In 2011, I published a book called “Quakers and the Interfaith Movement,” which was intended as a handbook for Quakers interested in becoming involved in this work. It contains chapters on the Interfaith Movement and Compassionate Listening as well as various theological perspectives by leading Quaker scholars. It describes what Quaker institutions, such as Friends Committee on Legislation and the American Friends Service Committee, are doing to promote interfaith dialogue peacemaking. It has a chapter on Quakers and Muslims, and Quakers and Jews and Israel/Palestine—the most challenging issue for the interfaith movement.
I’d like to share with you with you some of the highlights of my book. But first, a little background about Quaker theology.
One of my favorite quotes is by William Penn, who was a Universalist Christian. Unlike the Catholics, who at that time believed that only Catholics would go to heaven, and unlike the Calvinists, who believed that only Calvinists would go to heaven, William Penn thought that people of good will and good action—whether they were Christian, or Muslim, or Jewish—belonged to “one religion” and were kindred spirits:
“The humble, meek, merciful, just, pious and devout souls everywhere are of one religion and when death has taken off the mask, they will know one another, though the diverse liveries they wore here make them strangers.”
Pacific Yearly Meeting—the branch of Quakers to which I belong—agrees with Penn and affirms that the Inward Light is universal, though not easy to put into words:
“The Inward Light is a universal light given to all men [and women], religious consciousness being basically the same wherever it is found.
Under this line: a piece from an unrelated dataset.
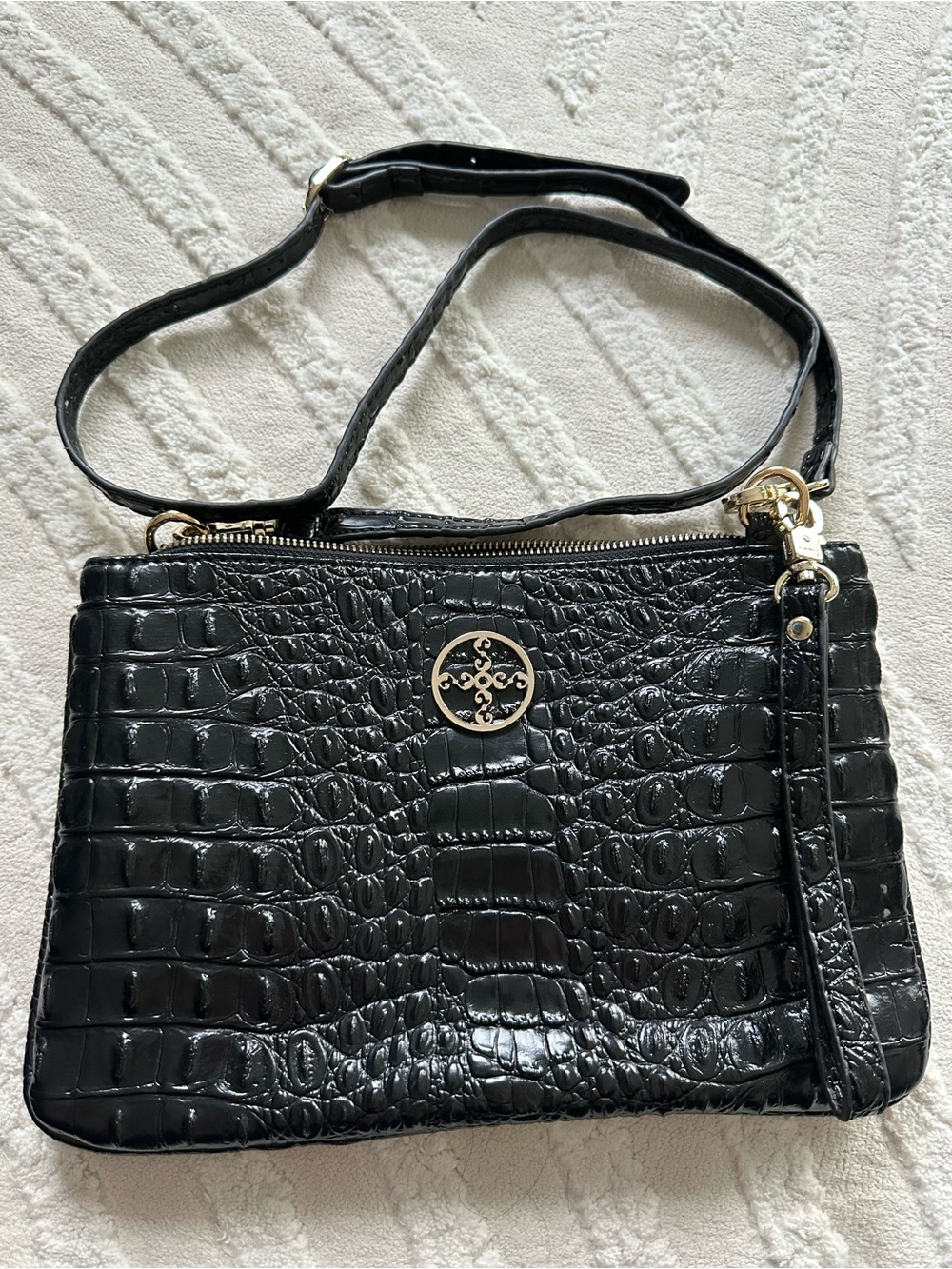 Stauer | Sloane Black Crocodile Embossed Clutch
Our difficulties come when we try to express it. We cannot express; we can only experience God. Therefore, we must always remember tolerance, humility, and tenderness with others whose ways and views may differ from ours.”
My friend and colleague Sallie King, a professor of philosophy and religion at James Madison Univeristy, makes it clear that just because all people are illuminated by the Inward Light, not all people and religions are alike. We must honor differences as well as commonalities. As Sallie points out:
“This is not to say that all religions are one. The religions are indeed different. While Friends avoid creeds, our Testimonies—Truth, Nonviolence, Equality, Simplicity—are clear and not to be compromised, as is our practice of submitting to the guidance of the Spirit. These give us the guidance we need in our relating to other religions.”
This in a nutshell is the theological basis for Quaker peacemaking. What about its practical application?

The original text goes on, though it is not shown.